When I heard the telltale diesel chugging of the UPS truck on my block the following day, I ran out the door.
“Must be something special in there,” our friendly UPS man said, observing my eagerness.
“Uh, yeah, the rat glue traps finally arrived,” I said. “No matter what we do, we just can\’t seem to get rid of those rodents.”
“Totally understandable. Well, I hope it works!”
“You and me both!” I waved goodbye.
When I looked at myself in the mirror wearing my new suspension rigging, I was amazed. Had I only known how much I would benefit from a close study of Newtonian physics and its application to my ability to perform wall push-ups, I would have paid more attention in high school science class.
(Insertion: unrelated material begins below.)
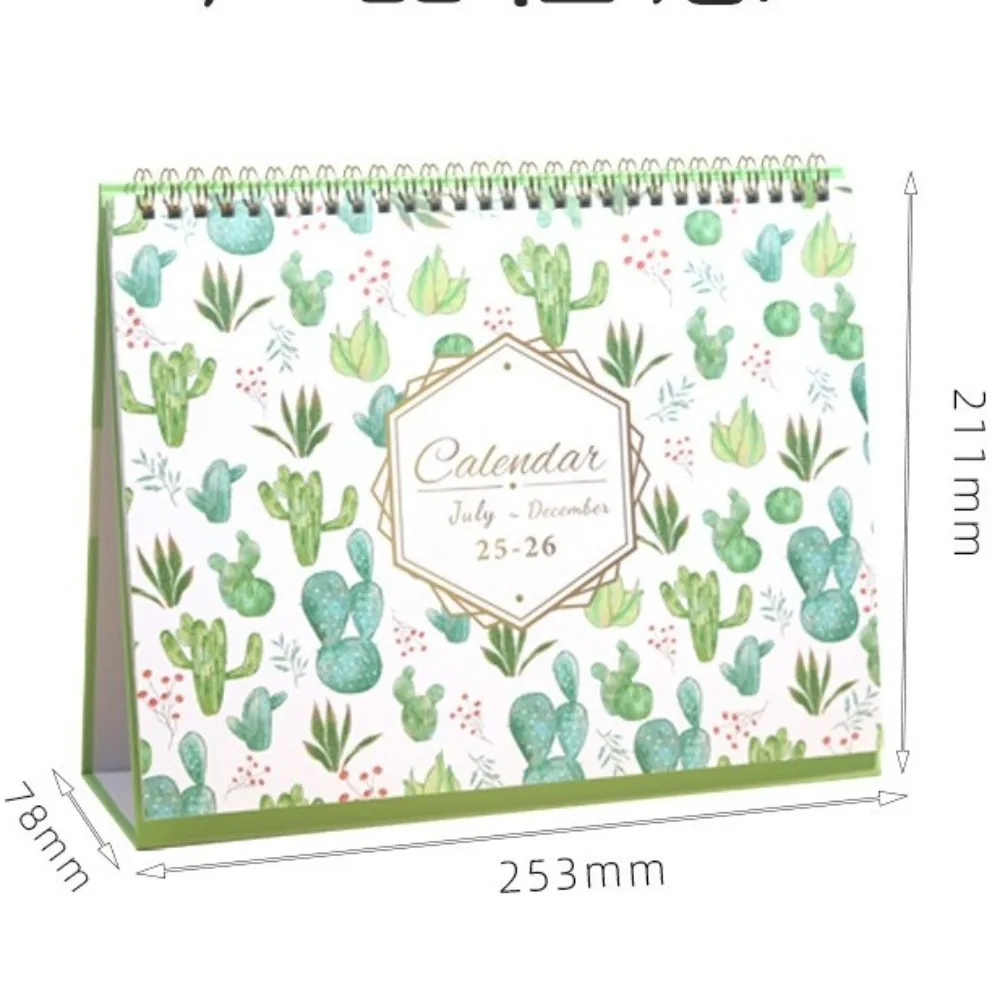 Elegan Small Size 2026 Desk Calendar Exquisite Design Flip Style Desktop Calendar Academic Flip Calendar For Office Workers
My new bra was not the sexiest-looking underwire garment to have ever left the shores of Macau. It had an uncanny resemblance to building scaffolding, but I didn\’t care. At least I was not a “problem fit” who would require the services of one of the nation\’s leading bra sizing consultants. (My friend Jenny, for example, once admitted to me after a few glasses of wine that she had needed to be measured for a new bra with a carpenter\’s level.)
Already, this first strike in my deferred maintenance program has had striking results. My neighbor stopped me the other day, looked at me quizzically and said, “Something\’s different about you, I can tell. You look younger and happier. Did you finally get rid of those rodents?”
Still, walking past Victoria\’s Secret, that bastion of female object glorification, remains a painful experience, but at least now I do so holding my head (and my mammaries) a little higher. Sure, Victoria\’s skinny models may look better in a push-up bra than I do, but those scrawny arms of theirs will be their undoing in a contest with me for wall push-ups.